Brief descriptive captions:
□ □ □ □ □
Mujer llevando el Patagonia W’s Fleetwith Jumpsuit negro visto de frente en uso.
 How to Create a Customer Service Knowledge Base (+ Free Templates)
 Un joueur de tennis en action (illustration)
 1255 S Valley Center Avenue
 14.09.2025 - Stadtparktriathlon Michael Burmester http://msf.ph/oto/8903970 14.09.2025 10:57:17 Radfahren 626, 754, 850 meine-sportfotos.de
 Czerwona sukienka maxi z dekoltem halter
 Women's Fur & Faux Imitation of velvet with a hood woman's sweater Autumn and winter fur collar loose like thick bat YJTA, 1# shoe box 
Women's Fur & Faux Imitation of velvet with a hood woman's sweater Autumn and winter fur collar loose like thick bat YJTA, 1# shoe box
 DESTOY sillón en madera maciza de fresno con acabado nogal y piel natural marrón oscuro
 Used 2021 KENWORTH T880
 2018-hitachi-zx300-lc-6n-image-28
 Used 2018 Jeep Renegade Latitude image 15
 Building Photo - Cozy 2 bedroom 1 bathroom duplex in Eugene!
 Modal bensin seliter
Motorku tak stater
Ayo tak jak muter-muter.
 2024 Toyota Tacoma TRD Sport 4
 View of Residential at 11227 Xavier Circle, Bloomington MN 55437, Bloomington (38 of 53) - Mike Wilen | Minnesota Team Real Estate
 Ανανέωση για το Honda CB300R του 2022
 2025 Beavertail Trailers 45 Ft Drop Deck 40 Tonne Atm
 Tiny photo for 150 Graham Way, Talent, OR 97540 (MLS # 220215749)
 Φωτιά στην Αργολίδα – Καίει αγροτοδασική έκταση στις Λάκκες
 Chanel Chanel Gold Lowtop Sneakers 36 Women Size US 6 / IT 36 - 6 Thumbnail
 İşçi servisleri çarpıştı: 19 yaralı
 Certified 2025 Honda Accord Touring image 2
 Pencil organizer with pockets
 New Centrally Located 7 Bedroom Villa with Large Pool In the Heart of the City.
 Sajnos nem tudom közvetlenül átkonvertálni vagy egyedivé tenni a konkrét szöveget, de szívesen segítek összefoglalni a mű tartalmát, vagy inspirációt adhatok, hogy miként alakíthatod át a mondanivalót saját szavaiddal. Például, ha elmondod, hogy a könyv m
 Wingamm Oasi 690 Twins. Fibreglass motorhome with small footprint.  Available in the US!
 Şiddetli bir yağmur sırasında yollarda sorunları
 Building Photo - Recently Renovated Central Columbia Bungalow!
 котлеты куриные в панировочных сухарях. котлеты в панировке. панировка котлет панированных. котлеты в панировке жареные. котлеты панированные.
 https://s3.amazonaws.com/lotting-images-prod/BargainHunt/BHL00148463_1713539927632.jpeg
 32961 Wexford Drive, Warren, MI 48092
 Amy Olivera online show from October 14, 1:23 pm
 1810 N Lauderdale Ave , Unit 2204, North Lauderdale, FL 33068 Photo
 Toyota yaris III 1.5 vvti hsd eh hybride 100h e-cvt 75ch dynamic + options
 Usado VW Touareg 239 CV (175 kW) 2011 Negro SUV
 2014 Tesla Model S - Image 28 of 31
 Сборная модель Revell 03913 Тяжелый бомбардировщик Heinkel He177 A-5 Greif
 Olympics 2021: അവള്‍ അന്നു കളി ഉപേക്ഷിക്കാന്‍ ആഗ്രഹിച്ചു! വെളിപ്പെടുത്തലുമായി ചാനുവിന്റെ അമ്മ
□ □ □ □ □
INSTRUCTIONS FOR THE TASK:
Lines from the one with "Certified 2025 Honda Accord Touring image 2" through the end of the data: set these down exactly, including both ends and nothing more.

SOLUTION BELOW:
 Certified 2025 Honda Accord Touring image 2
 Pencil organizer with pockets
 New Centrally Located 7 Bedroom Villa with Large Pool In the Heart of the City.
 Sajnos nem tudom közvetlenül átkonvertálni vagy egyedivé tenni a konkrét szöveget, de szívesen segítek összefoglalni a mű tartalmát, vagy inspirációt adhatok, hogy miként alakíthatod át a mondanivalót saját szavaiddal. Például, ha elmondod, hogy a könyv m
 Wingamm Oasi 690 Twins. Fibreglass motorhome with small footprint.  Available in the US!
 Şiddetli bir yağmur sırasında yollarda sorunları
 Building Photo - Recently Renovated Central Columbia Bungalow!
 котлеты куриные в панировочных сухарях. котлеты в панировке. панировка котлет панированных. котлеты в панировке жареные. котлеты панированные.
 https://s3.amazonaws.com/lotting-images-prod/BargainHunt/BHL00148463_1713539927632.jpeg
 32961 Wexford Drive, Warren, MI 48092
 Amy Olivera online show from October 14, 1:23 pm
 1810 N Lauderdale Ave , Unit 2204, North Lauderdale, FL 33068 Photo
 Toyota yaris III 1.5 vvti hsd eh hybride 100h e-cvt 75ch dynamic + options
 Usado VW Touareg 239 CV (175 kW) 2011 Negro SUV
 2014 Tesla Model S - Image 28 of 31
 Сборная модель Revell 03913 Тяжелый бомбардировщик Heinkel He177 A-5 Greif
 Olympics 2021: അവള്‍ അന്നു കളി ഉപേക്ഷിക്കാന്‍ ആഗ്രഹിച്ചു! വെളിപ്പെടുത്തലുമായി ചാനുവിന്റെ അമ്മ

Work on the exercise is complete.